▶ **STORED DATA**:
+++

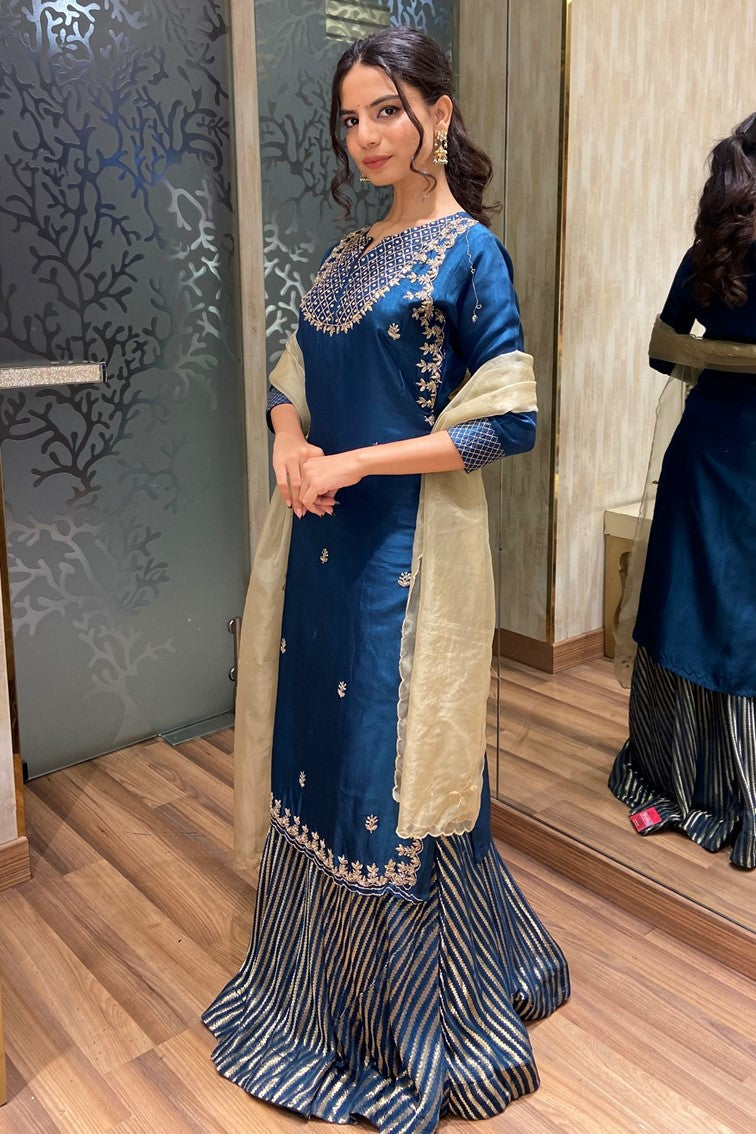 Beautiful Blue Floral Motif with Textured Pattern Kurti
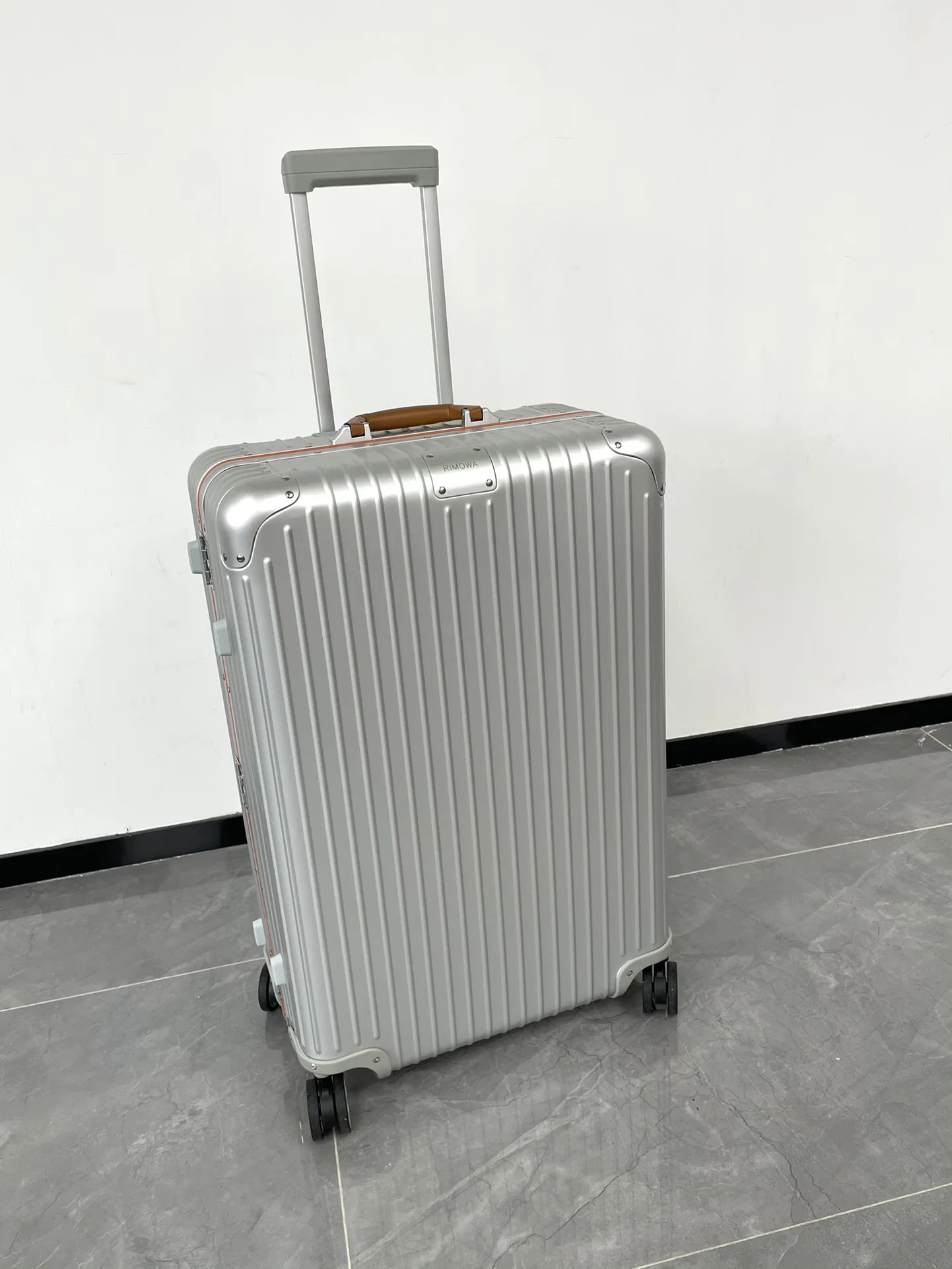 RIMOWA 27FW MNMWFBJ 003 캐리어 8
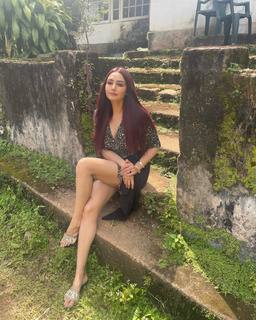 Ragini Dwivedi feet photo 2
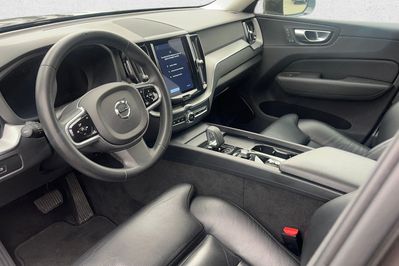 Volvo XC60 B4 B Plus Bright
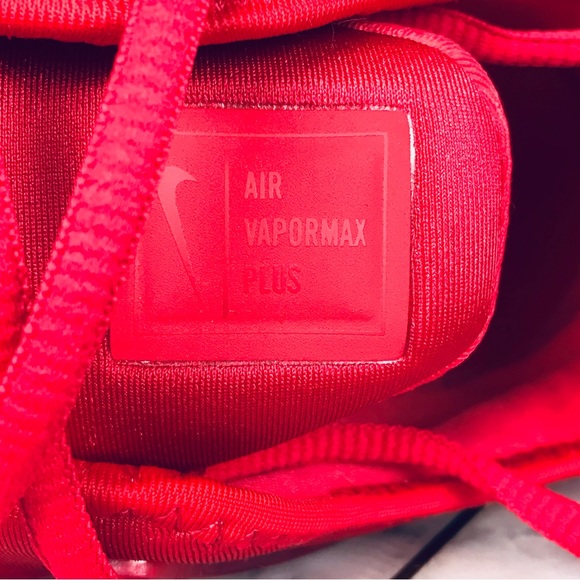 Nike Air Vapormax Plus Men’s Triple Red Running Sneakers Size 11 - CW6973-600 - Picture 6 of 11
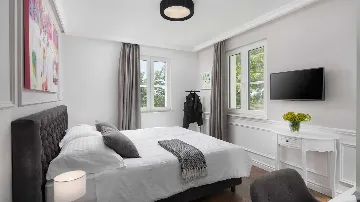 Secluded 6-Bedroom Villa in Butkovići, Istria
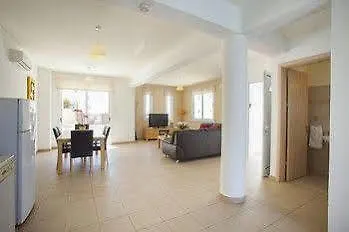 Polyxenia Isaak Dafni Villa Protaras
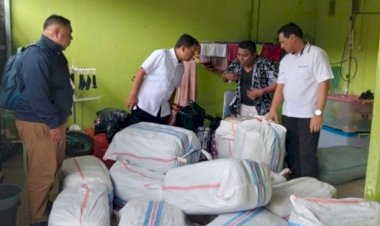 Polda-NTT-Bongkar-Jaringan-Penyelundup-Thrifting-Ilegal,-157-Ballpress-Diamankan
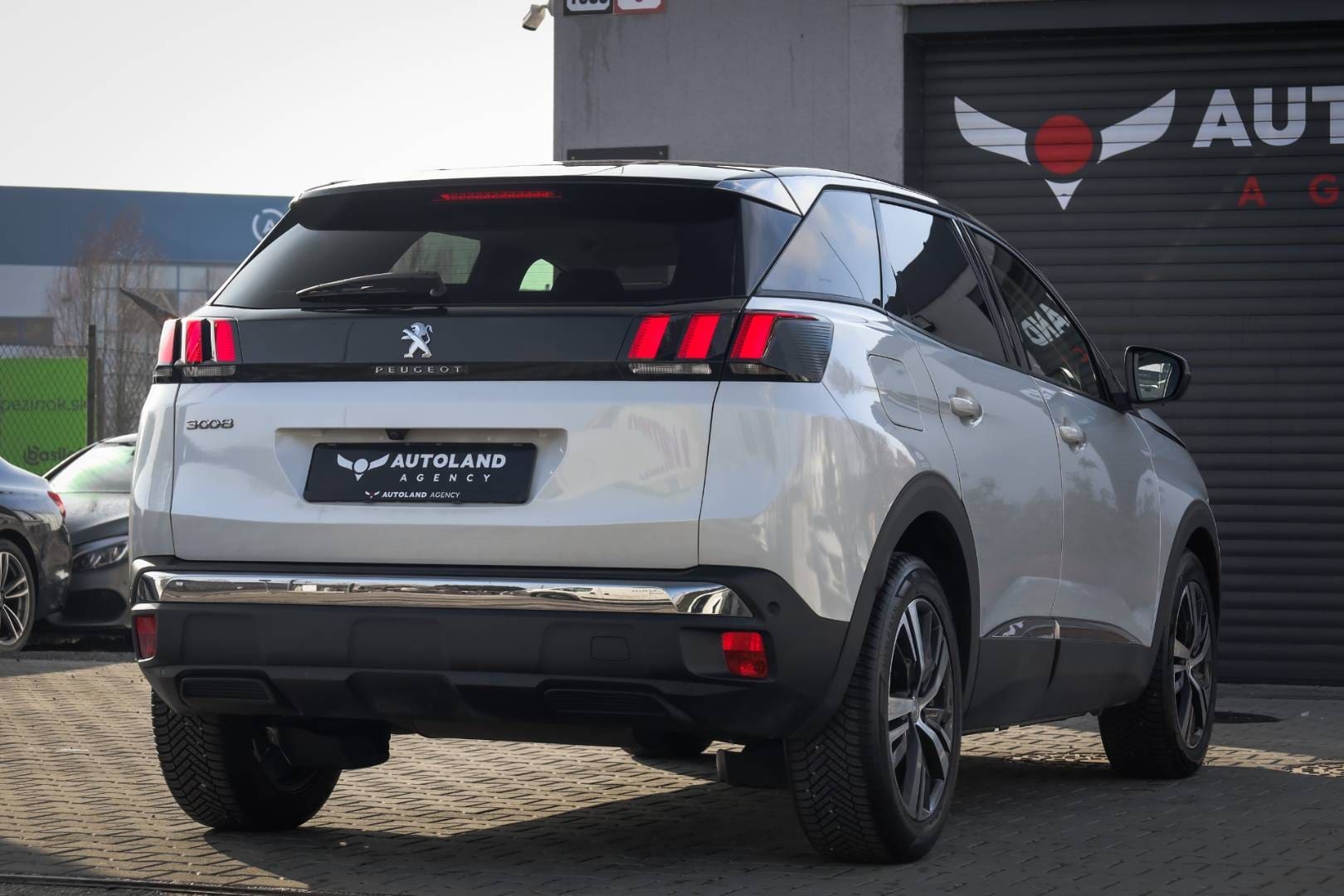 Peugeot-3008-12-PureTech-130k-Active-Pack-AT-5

+++

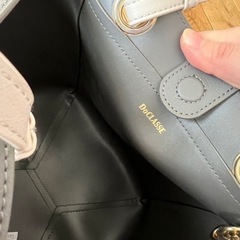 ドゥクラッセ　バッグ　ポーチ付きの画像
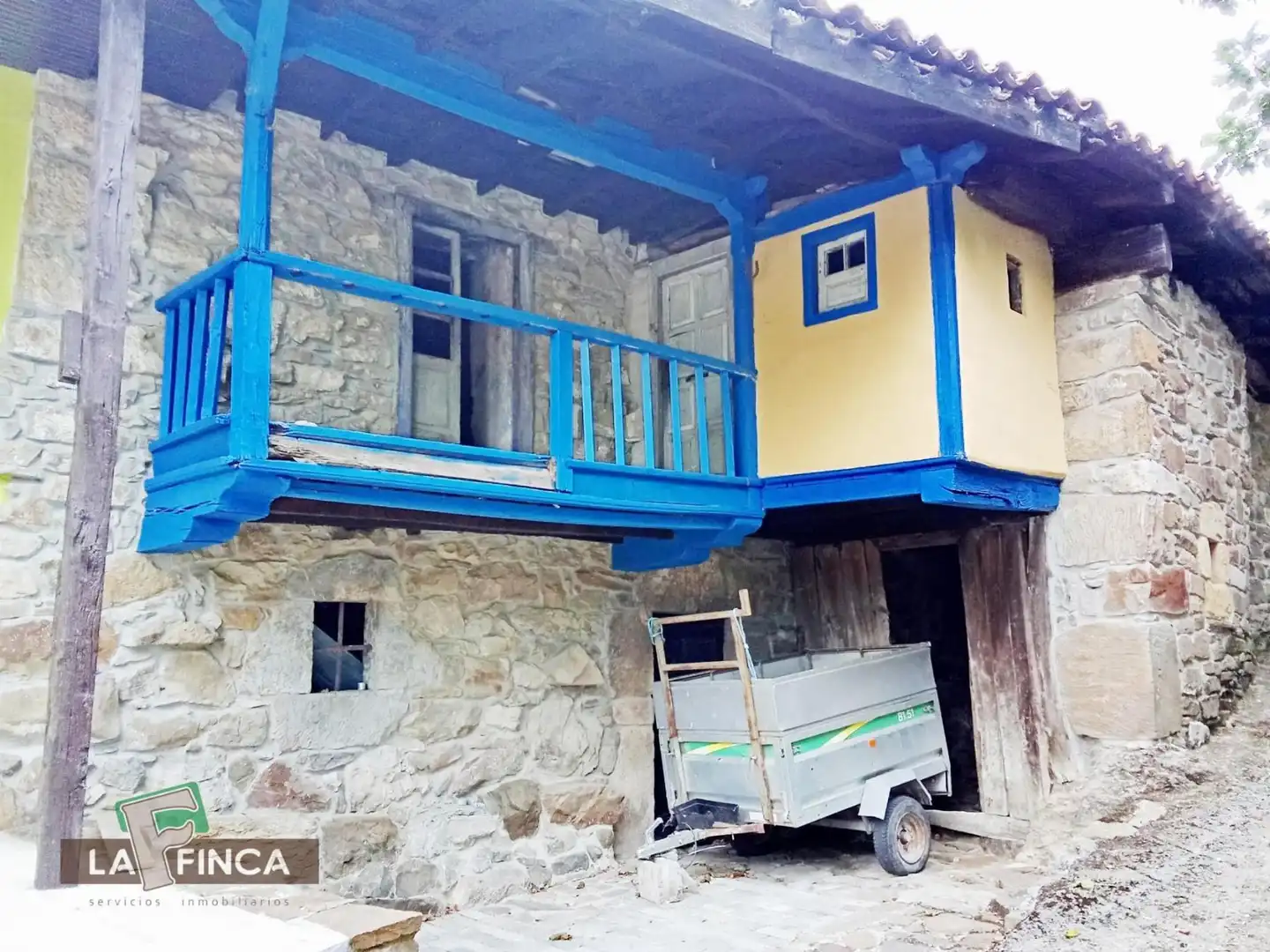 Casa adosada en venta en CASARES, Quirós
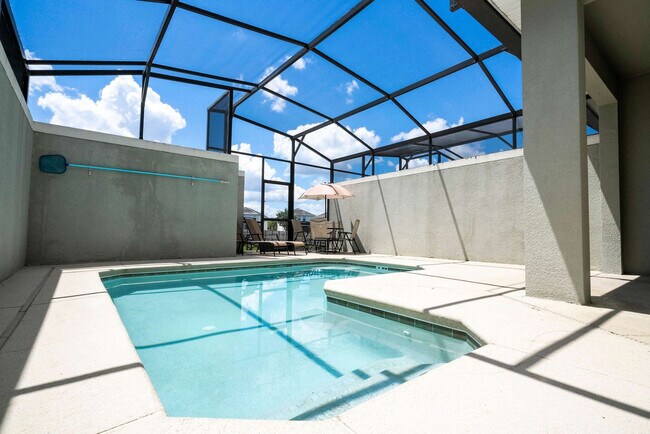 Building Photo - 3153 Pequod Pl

+++

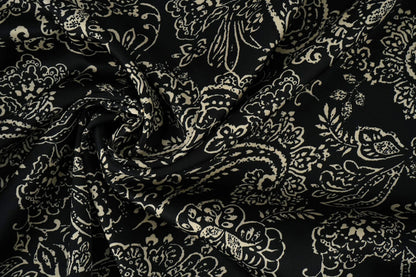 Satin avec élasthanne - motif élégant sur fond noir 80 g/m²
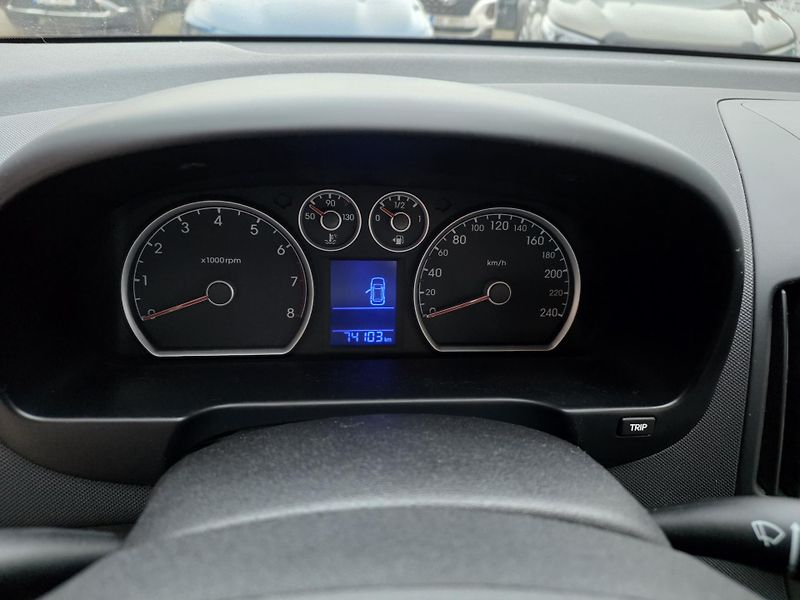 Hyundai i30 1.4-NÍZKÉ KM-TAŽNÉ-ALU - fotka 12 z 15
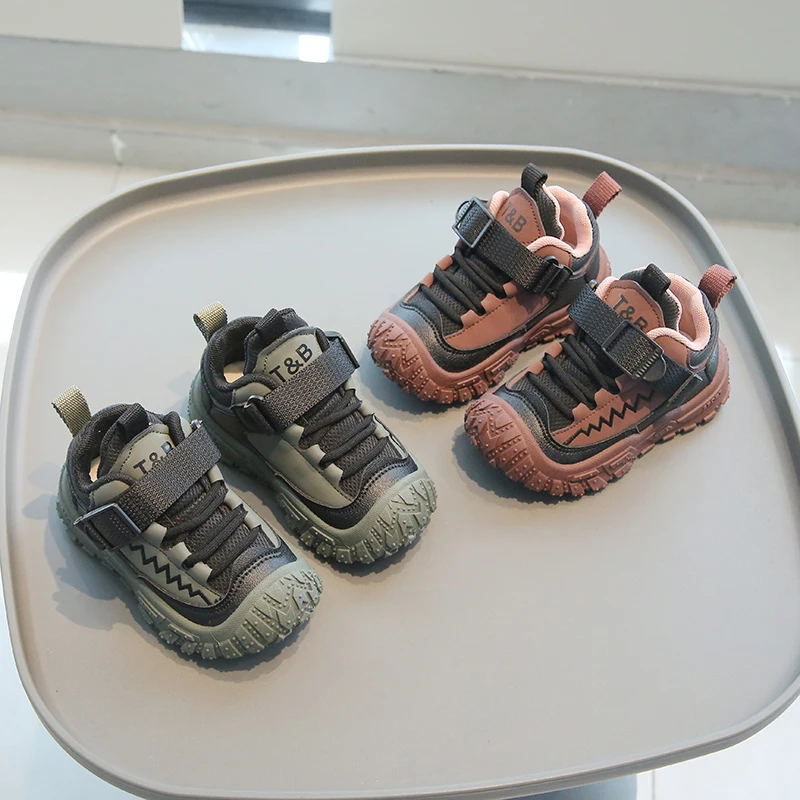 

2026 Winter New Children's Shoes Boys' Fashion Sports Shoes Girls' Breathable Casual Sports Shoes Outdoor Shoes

+++

▶ **TO DO**: Text only, no pictures: please print exactly the lines above from the line with "Beautiful Blue Floral" up to and including the line with "Secluded 6-Bedroom Villa", and nothing else.

▶ **WRITTEN RESPONSE**:
 Beautiful Blue Floral Motif with Textured Pattern Kurti
 RIMOWA 27FW MNMWFBJ 003 캐리어 8
 Ragini Dwivedi feet photo 2
 Volvo XC60 B4 B Plus Bright
 Nike Air Vapormax Plus Men’s Triple Red Running Sneakers Size 11 - CW6973-600 - Picture 6 of 11
 Secluded 6-Bedroom Villa in Butkovići, Istria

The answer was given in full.